Mrs. King played a prominent role in the years after her husbands 1968 assassination when she took on the leadership of the struggle for racial equality herself and became active in the Women’s Movement and the LGBT right movement.

Coretta Scott King was the third of four children born to Obadiah “Obe” Scott (1899–1998) and Bernice McMurray Scott (1904–1996) in Marion, Alabama. She had an older sister named Edythe Scott Bagley (1924–2011) an older sister named Eunice who did not survive childhood, and a younger brother named Obadiah Leonard, born in 1930. According to a DNA analysis, she descended, mainly, from people of Mende People of Sierra Leone. The Scott family had owned a farm since the American Civil War, but were not particularly wealthy.During the Great Depression the Scott children picked cotton to help earn money. Obe was the first black person in their neighborhood to own a truck. He ran a barber shop from their home and also owned a lumber mill, which was burned down by white neighbors, after Scott refused to sell his mill to a white logger.
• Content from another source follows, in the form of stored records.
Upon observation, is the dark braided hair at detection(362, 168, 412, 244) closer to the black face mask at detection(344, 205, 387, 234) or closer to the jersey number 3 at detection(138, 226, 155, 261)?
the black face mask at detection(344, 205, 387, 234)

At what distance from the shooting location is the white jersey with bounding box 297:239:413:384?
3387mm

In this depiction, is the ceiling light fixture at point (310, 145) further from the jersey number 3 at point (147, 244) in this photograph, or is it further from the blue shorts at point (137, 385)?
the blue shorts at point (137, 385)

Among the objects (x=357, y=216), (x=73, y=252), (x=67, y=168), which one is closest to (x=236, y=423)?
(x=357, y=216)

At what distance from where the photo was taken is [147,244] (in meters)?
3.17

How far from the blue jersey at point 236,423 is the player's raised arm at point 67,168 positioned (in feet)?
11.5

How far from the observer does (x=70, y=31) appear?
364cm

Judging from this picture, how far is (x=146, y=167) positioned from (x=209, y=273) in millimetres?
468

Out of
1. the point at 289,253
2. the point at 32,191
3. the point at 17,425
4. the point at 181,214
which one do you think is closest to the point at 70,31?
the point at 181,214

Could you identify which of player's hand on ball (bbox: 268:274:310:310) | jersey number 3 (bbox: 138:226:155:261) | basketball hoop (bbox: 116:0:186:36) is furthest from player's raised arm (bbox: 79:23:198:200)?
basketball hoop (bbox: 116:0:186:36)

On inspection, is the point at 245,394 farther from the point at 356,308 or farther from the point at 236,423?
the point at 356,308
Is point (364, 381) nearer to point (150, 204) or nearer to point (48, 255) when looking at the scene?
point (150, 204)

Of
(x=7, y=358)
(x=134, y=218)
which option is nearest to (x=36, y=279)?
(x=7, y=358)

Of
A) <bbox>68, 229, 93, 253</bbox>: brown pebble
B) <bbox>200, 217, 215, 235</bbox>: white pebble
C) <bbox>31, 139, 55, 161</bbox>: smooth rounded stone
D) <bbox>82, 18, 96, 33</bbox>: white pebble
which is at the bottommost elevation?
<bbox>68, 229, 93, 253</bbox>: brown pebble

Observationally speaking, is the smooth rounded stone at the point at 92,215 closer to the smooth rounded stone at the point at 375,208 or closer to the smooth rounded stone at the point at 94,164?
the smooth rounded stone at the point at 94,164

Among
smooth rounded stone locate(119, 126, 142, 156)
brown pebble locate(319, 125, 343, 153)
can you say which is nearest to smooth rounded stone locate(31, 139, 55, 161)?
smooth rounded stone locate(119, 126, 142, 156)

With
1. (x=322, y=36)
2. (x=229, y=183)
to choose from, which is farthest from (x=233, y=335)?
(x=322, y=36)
Though lacking formal education themselves, Coretta Scott’s parents intended for all of their children to be educated. Coretta quoted her mother as having said, “My children are going to college, even if it means I only have but one dress to put on.”The Scott children attended a one room elementary school 5 miles from their home and were later bused to Lincoln Normal School, which despite being 9 mi (14 km) from their home, was the closest black high school in Marion, Alabama, due to racial segregation in schools. The bus was driven by Coretta’s mother Bernice, who bused all the local black teenagers.
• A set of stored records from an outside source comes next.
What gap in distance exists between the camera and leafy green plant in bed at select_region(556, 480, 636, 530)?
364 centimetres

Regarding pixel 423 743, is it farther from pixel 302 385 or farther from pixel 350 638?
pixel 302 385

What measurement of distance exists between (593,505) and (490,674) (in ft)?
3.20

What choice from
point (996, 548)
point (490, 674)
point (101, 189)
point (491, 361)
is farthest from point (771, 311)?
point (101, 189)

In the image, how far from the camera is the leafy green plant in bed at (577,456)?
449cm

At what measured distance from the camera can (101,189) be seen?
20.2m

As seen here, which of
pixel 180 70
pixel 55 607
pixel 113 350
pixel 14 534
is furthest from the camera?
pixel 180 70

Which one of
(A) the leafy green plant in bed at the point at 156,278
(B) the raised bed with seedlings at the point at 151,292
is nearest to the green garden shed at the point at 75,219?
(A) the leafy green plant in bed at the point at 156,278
Coretta Scott graduated valedictorian of Lincoln Normal School in 1945 where she played trumpet and piano, sang in the chorus, and participated in school musicals and enrolled at Antioch College in Yellow Springs, Ohio. Her older sister Edythe already attended Antioch as part of the Antioch Program for Interracial Education, which recruited non-white students and gave them full scholarships in an attempt to diversify the historically white campus. Coretta said of her first college:

Antioch had envisioned itself as a laboratory in democracy, but had no black students. (Edythe) became the first African American to attend Antioch on a completely integrated basis, and was joined by two other black female students in the fall of 1943. Pioneering is never easy, and all of us who followed my sister at Antioch owe her a great debt of gratitude.